Frank Miller, Sin City:
That Yellow Bastard
This graphic novel, published as a hardcover with the dimensions and feel not of a comic book but rather of a regular novel, is indeed good stuff. Cooke's spare, somewhat retro style, here accompanied by a minimum of a single color as greyish-blue highlights in a manner much like Frank Miller's Sin City or the wonderful renditions of Shawn Martinbrough (penciller) and Steve Mitchell (inker) in the early-2000's run of Greg Rucka's Batman feature in Detective Comics, is perfect in conveying both the stark brutality and the proper early-1960s setting of The Hunter. It's raw, both in terms of violence and sex. Parker is not a hero by any stretch of the imagination. But he is a compelling character who sweeps the reader along with him and whom you want to succeed, if only because his opponents are just as if not more reprehensible than is he.

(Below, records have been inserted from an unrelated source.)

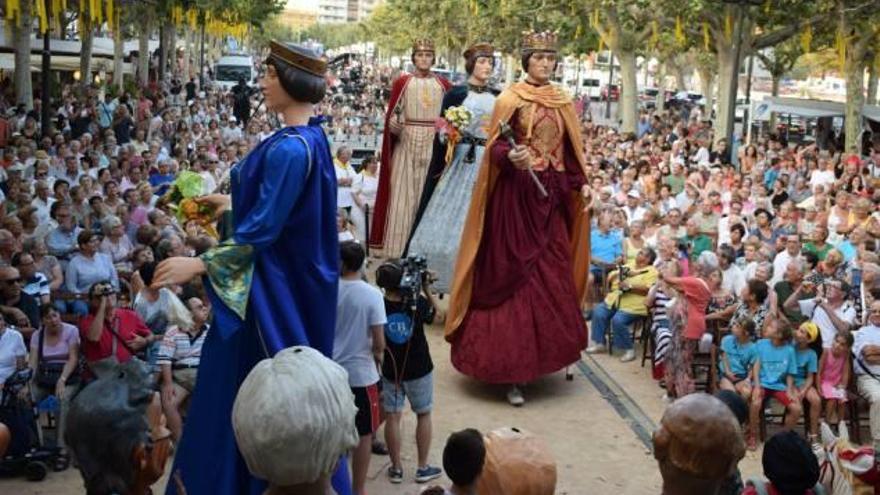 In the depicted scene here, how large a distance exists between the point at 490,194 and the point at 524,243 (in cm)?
43

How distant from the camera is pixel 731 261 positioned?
31.7 feet

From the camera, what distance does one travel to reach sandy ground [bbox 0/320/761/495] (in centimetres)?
648

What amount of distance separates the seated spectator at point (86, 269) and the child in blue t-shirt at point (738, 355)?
4510 mm

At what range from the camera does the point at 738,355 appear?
7.89m

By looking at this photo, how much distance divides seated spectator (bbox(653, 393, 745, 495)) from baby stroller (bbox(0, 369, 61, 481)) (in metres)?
4.66

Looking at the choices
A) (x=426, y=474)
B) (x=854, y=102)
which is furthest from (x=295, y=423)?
(x=854, y=102)

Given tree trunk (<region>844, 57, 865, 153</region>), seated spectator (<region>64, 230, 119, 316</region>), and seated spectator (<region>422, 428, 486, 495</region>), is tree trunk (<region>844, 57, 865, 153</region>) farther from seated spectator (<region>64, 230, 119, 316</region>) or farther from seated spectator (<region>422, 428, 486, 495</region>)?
seated spectator (<region>422, 428, 486, 495</region>)

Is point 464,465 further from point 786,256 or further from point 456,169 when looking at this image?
point 786,256

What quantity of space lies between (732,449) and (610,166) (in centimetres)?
1657

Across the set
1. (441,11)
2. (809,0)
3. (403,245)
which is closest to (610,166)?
(809,0)

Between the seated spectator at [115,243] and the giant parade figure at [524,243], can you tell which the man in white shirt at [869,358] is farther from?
the seated spectator at [115,243]

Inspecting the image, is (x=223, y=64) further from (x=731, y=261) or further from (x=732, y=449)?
(x=732, y=449)

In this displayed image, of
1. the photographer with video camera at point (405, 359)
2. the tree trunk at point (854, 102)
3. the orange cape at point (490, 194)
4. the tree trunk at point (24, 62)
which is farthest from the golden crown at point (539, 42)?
the tree trunk at point (854, 102)

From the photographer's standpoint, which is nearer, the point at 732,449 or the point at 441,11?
the point at 732,449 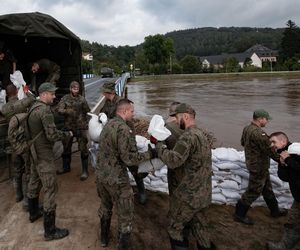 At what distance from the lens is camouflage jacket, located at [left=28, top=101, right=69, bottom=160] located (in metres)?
3.85

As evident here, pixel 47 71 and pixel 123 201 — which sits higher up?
pixel 47 71

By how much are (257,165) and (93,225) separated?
84.4 inches

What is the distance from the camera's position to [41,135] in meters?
3.92

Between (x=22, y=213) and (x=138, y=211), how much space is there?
57.3 inches

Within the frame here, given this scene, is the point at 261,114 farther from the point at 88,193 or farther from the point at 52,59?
the point at 52,59

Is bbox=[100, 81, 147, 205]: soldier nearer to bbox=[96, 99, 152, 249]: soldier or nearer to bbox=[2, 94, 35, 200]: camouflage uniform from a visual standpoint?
bbox=[2, 94, 35, 200]: camouflage uniform

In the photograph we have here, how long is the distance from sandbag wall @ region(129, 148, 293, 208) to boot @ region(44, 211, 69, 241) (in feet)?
5.17

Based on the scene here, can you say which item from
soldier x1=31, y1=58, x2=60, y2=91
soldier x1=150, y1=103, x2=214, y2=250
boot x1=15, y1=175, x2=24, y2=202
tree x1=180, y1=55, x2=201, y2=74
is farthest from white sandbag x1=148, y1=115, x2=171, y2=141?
tree x1=180, y1=55, x2=201, y2=74

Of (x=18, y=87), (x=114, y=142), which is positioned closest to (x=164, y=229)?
(x=114, y=142)

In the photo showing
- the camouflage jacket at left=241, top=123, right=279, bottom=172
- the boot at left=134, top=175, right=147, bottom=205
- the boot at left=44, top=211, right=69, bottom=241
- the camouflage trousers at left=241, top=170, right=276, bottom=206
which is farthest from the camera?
the boot at left=134, top=175, right=147, bottom=205

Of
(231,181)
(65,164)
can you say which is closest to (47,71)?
(65,164)

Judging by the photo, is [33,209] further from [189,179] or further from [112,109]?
[189,179]

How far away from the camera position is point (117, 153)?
3.40 meters

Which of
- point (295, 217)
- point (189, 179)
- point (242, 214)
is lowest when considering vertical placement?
point (242, 214) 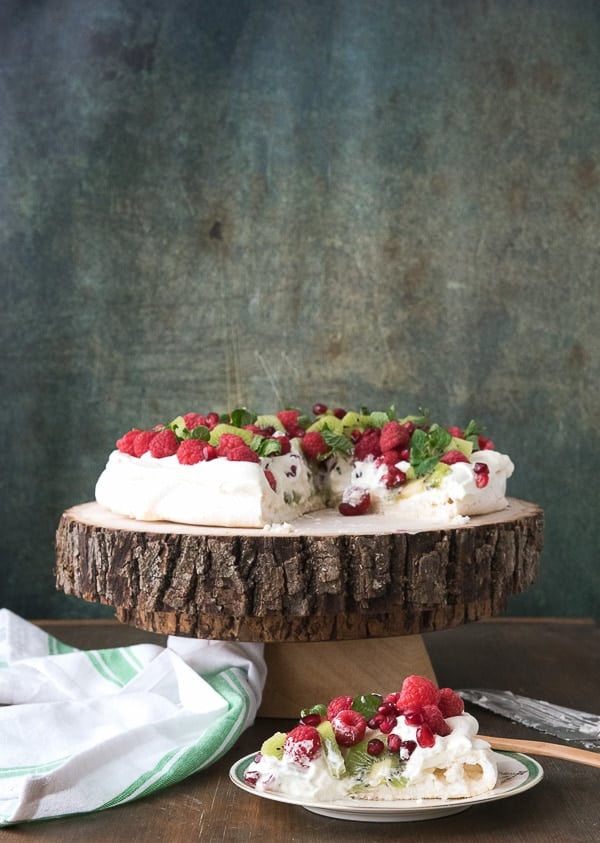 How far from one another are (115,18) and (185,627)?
276 cm

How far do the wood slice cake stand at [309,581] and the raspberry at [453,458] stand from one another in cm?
18

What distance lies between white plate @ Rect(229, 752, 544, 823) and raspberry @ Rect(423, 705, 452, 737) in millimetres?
132

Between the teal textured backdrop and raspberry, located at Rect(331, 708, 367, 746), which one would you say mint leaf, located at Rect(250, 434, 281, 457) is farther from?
the teal textured backdrop

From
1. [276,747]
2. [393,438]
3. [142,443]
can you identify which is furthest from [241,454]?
[276,747]

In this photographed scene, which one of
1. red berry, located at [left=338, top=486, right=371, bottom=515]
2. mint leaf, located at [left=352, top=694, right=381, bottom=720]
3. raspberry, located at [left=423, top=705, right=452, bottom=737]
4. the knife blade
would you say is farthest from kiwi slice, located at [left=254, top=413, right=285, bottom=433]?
raspberry, located at [left=423, top=705, right=452, bottom=737]

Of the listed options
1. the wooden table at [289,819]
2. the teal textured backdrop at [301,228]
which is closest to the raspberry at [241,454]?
the wooden table at [289,819]

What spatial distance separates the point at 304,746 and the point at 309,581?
22.8 inches

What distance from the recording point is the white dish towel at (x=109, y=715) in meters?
2.45

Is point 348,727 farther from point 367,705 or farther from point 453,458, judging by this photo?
point 453,458

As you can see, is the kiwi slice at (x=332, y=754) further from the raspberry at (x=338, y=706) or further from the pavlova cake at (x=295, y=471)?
the pavlova cake at (x=295, y=471)

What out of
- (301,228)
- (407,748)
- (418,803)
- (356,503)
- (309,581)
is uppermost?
(301,228)

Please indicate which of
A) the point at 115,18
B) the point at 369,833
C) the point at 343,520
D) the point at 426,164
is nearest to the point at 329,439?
the point at 343,520

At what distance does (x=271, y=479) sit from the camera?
9.59ft

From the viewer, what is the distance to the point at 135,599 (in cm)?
277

It's easy to see how appropriate is the inclusion of Parker in Wikipedia's list of Characters in pulp fiction.

Shawn Martinbrough,
Detective Comics #745
Since the appearance of this first volume, two more have appeared – The Outfit and The Score; according to Wikipedia (which lists The Hunter as having appeared in July 2009, but I'm going with the title page imprint of 2010), Cooke has one more graphic-novel adaptation of a Parker novel in the pipeline. I definitely will be reading them all. And that will still leave me about twenty prose novels to track down and enjoy, as I doubtless will.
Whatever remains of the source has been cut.